## Records supplied
--- START ---

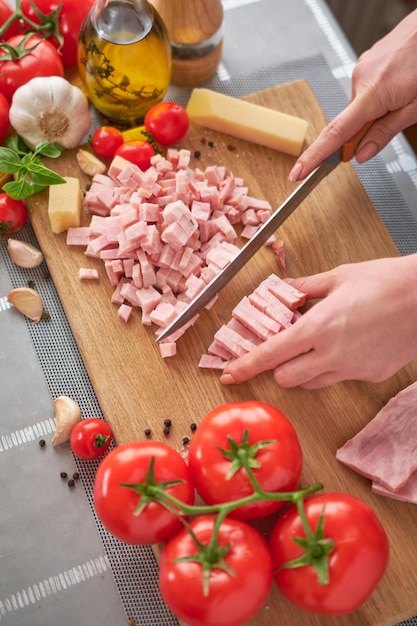 Woman39s hands slicing pancetta ham bacon on wooden cutting board at domestic kitchen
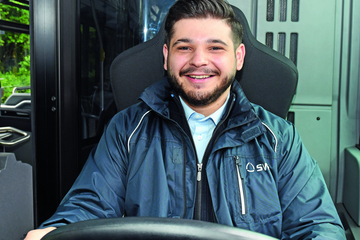 Mann welcher einen Bus fährt und freundlich in die Kamera Blickt. - Beim anklicken wird das Bild vergrößert.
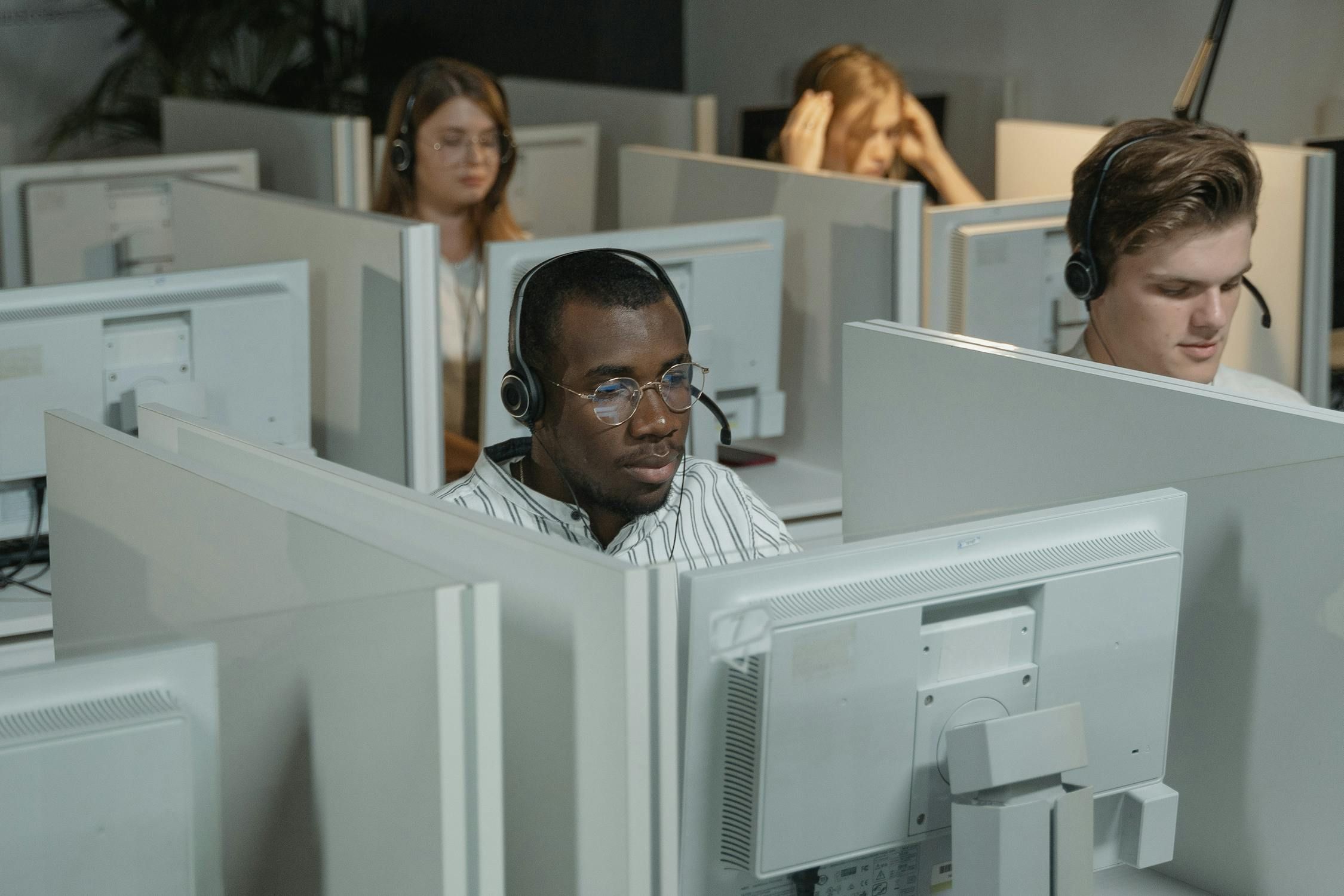 A diverse group of call center agents wearing headsets, focused on their computer screens in a modern office with cubicles.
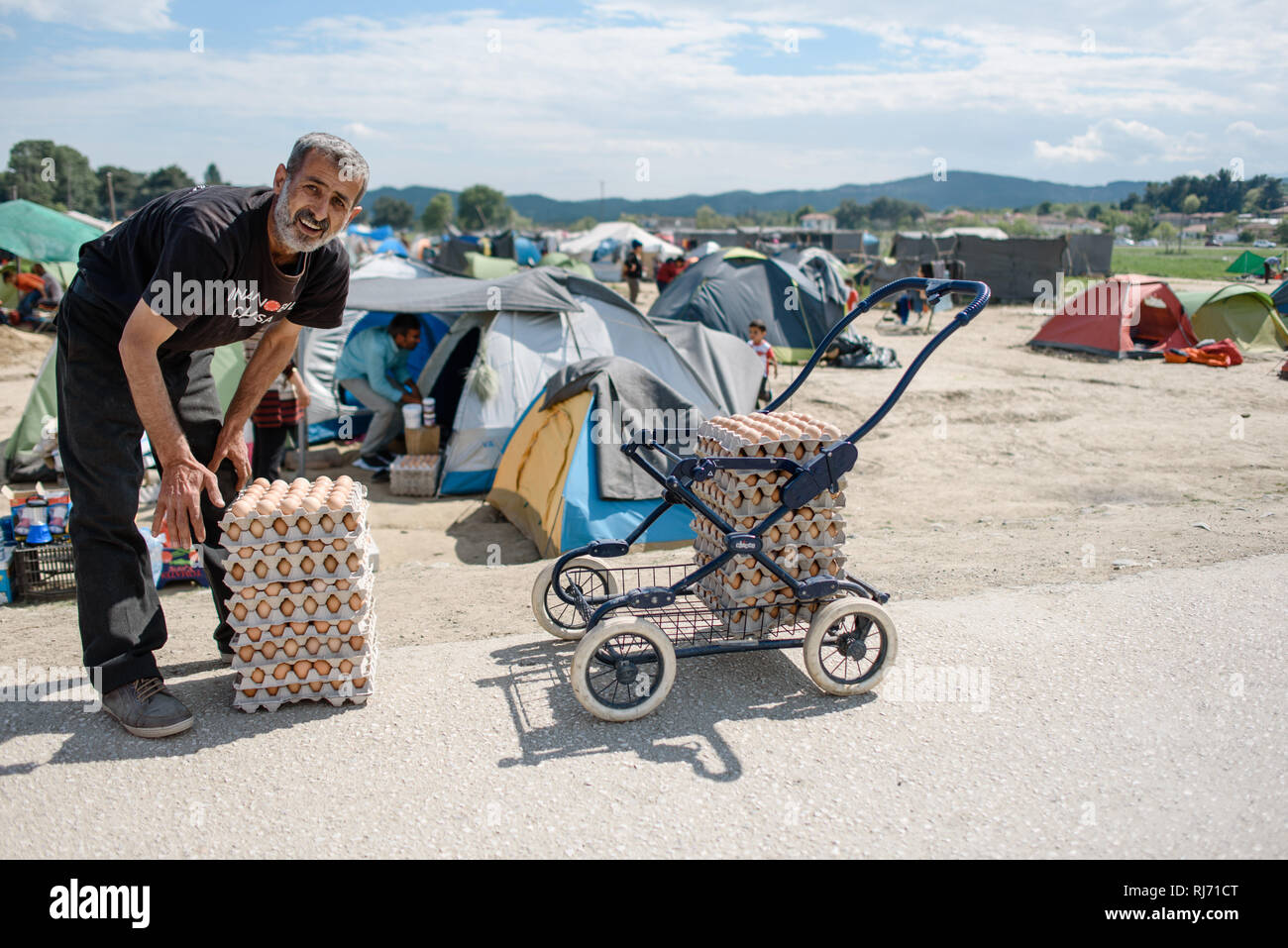 Ein Mann bringt eine neue Lieferung Eier. Flüchtlingscamp von Idomeni in Griechenland an der Grenze nach Mazedonien, aprile 2016. Foto Stock
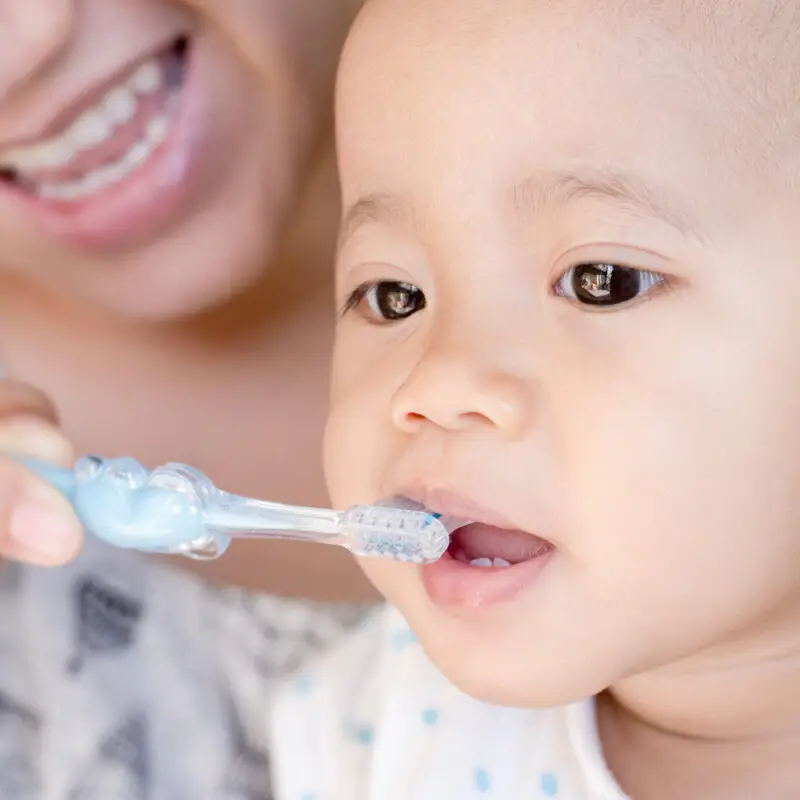 A baby is brushing its teeth with an adult.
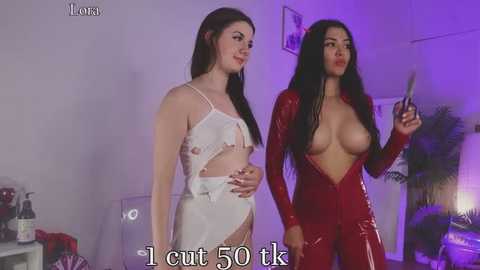 Media: Video: Two women, one in a white lace lingerie set, the other in a red latex bodysuit, standing in a dimly lit room with purple lighting.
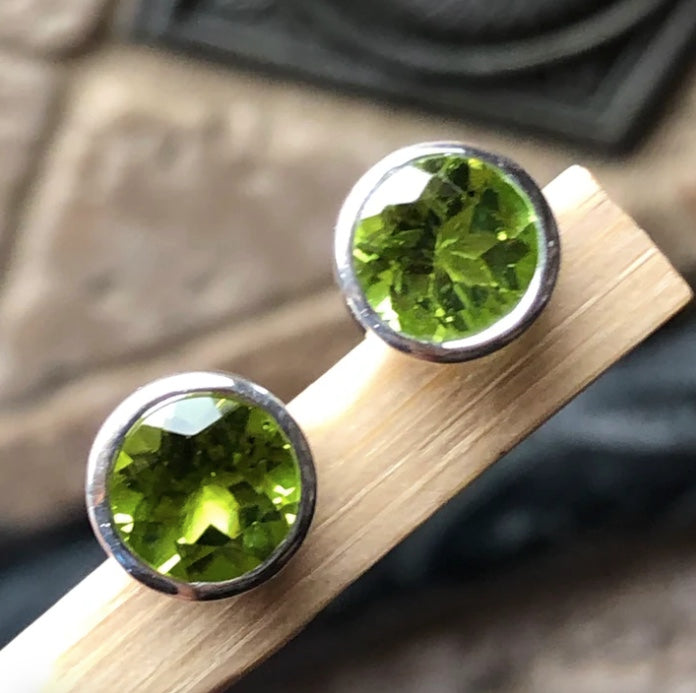 Round cut peridot stud earrings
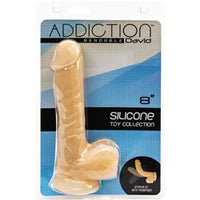 a beige detailed penis shaped dildo with balls and a suction cup, shown in its plastic packaging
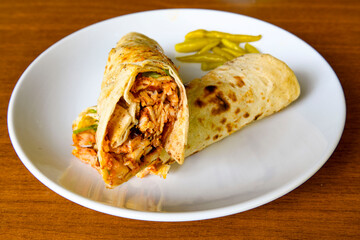 Lavash doner kebab ( zurna doner durum )  or shawarma sliced in plate isolated. 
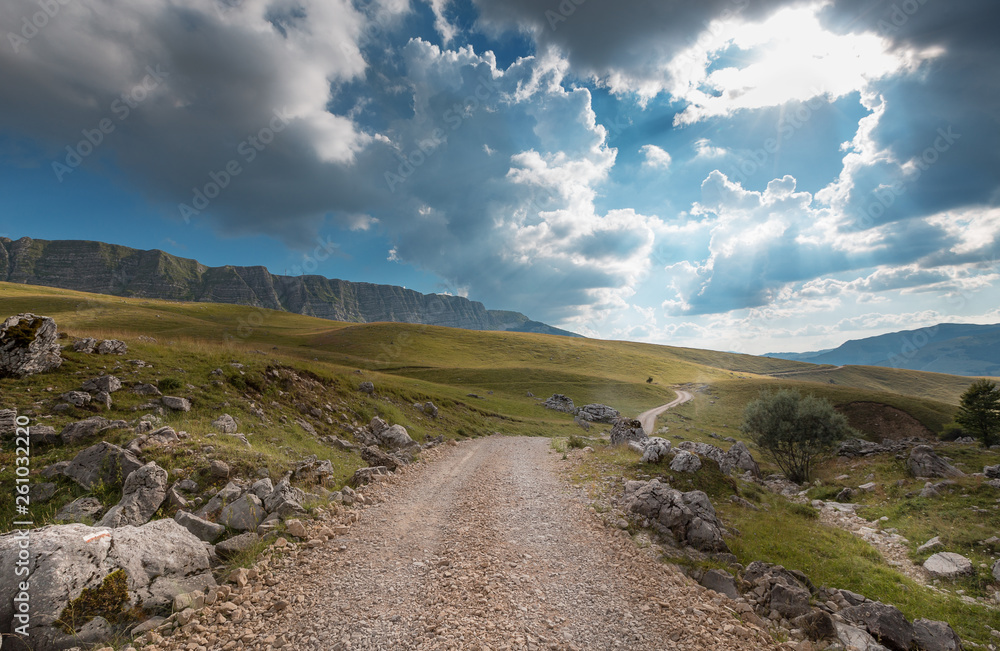 Mountain road. Landscape with rocks, sunny sky with clouds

--- END ---

## Description of the task
Your task is to repeat the opening line of the entries above and each line after it, ending with the line that has "A diverse group". Do not include the pictures.

## Finished exercise
 Woman39s hands slicing pancetta ham bacon on wooden cutting board at domestic kitchen
 Mann welcher einen Bus fährt und freundlich in die Kamera Blickt. - Beim anklicken wird das Bild vergrößert.
 A diverse group of call center agents wearing headsets, focused on their computer screens in a modern office with cubicles.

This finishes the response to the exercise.